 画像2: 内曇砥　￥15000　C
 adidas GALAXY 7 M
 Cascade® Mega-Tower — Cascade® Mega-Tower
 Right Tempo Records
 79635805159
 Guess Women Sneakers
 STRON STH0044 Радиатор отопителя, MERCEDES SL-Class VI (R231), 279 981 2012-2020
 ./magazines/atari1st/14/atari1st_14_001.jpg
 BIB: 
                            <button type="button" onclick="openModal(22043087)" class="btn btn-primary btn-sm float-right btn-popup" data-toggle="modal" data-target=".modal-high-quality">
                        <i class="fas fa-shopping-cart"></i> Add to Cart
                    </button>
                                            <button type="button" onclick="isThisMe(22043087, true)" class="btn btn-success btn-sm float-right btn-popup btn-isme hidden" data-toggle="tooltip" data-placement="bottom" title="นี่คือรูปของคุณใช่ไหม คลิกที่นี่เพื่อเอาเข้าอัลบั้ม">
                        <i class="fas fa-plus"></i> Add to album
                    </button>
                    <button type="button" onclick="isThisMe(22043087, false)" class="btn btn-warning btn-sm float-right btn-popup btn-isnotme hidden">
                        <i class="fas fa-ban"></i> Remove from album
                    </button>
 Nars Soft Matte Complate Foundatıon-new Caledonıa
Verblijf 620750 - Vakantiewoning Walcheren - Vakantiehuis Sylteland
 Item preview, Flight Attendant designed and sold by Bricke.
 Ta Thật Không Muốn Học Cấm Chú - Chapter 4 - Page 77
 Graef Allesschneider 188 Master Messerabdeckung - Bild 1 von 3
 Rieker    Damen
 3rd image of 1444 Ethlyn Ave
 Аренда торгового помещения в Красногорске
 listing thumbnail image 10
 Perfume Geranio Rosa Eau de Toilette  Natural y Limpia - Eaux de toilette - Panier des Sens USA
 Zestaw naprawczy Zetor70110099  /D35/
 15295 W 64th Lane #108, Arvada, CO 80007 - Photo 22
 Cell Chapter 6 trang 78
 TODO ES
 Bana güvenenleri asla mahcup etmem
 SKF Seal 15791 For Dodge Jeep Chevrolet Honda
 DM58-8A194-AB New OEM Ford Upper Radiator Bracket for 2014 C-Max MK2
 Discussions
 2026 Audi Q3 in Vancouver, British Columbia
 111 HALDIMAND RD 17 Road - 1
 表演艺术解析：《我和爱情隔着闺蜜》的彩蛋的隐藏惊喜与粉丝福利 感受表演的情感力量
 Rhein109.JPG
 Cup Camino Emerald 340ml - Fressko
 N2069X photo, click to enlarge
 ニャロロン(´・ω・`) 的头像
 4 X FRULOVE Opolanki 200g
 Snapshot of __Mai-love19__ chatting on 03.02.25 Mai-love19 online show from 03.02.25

Task objective: For each line of the data that includes the word "toggle", return a copy of it.

Task solution:
                            <button type="button" onclick="openModal(22043087)" class="btn btn-primary btn-sm float-right btn-popup" data-toggle="modal" data-target=".modal-high-quality">
                                            <button type="button" onclick="isThisMe(22043087, true)" class="btn btn-success btn-sm float-right btn-popup btn-isme hidden" data-toggle="tooltip" data-placement="bottom" title="นี่คือรูปของคุณใช่ไหม คลิกที่นี่เพื่อเอาเข้าอัลบั้ม">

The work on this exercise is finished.